Some instructions last more than one cycle, even on RISC CPUs.
Sometimes external circumstances, for example slow memory, prevent the instruction from continuing. Sometimes the instruction is split into simpler operations because of limitations in the hardware, for example 64bits loads and stores. Sometime the instruction is too complex to fit in one cycle, for example divisions.
– Due to the limited number of read and write ports of the register file and/or the 64bits memory accesses, the LDD[A], ST[A], STD[A], SWAP[A] and LDSTUB[A] instructions are split in the decode stage, they occupy two or three pipeline stages and the cycle_dec signal counts cycles.
64bits loads and stores are split in two 32bits accesses, starting with high significant/low address. These instructions could have been avoided, as they are different from the genuine 64bits SparcV9 load and store instructions, which use one 64bits register instead of a pair of 32bits registers. They are useful for block copies and register windows save/restore traps, on CPUs with internal caches having 64bits busses (not for PIPE5 !).
– SWAP[A] and LDSTUB[A] generates a load then a store. The swapped register content is saved in the pipeline, between the EXE and MEM stages. These instructions are scheduled like a store double, and the data that will be stored is already present on the PLOMB bus during the load access.
– The integer multiply and divide instructions last several cycles but instead of being split into sub-operations, they stall the EXECUTE stage.
– The floating point instructions can also last several cycles, but, as the FP pipeline is separate, when the FPU is busy and unable to accept any new instruction, it stalls the IU at the DECODE level. Interleaving FP and integer instructions, instead of clustering them, augments performances.
– There is a last type of multi-cycle instructions, JMPL (and RETT). The next instruction address is PC+4 or, for branches and calls, it is some arithmetic relation between the current PC and an immediate value.

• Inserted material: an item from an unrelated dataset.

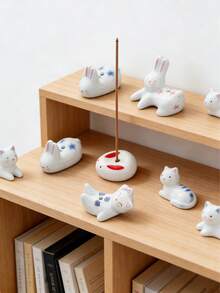 Madebyblanc Ceramic Square Incense Holder With Animal - Cute Rabbit & Cat Incense Burner For Sticks, Mini Zen Home Desk Decor, Creative Aromatherapy Gift For Pet Lovers,Square Ceramic Incense Holder - Cute Animal (Rabbit, Cat) Incense Stick Burner - Multicolor - View 10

For JMPL/RETT, the next instruction is the result of an addition that depends on integer registers values. That addition is performed by the ALU during the EXECUTE stage. JMPL lasts two cycles in a way different from the other multi-cycles instructions, it forces a stall to enable the injection of the new PC from the EXECUTE stage. That stall is not necessary if the following instruction is also a JMPL (or a RETT).
In traditional CISC processors, most instructions lasted several cycles and the decoder used a ROM table for generating successive sub-operations. In PIPE5, there is neither sequencer nor microcode, simply a few multiplexers, counters and toggles.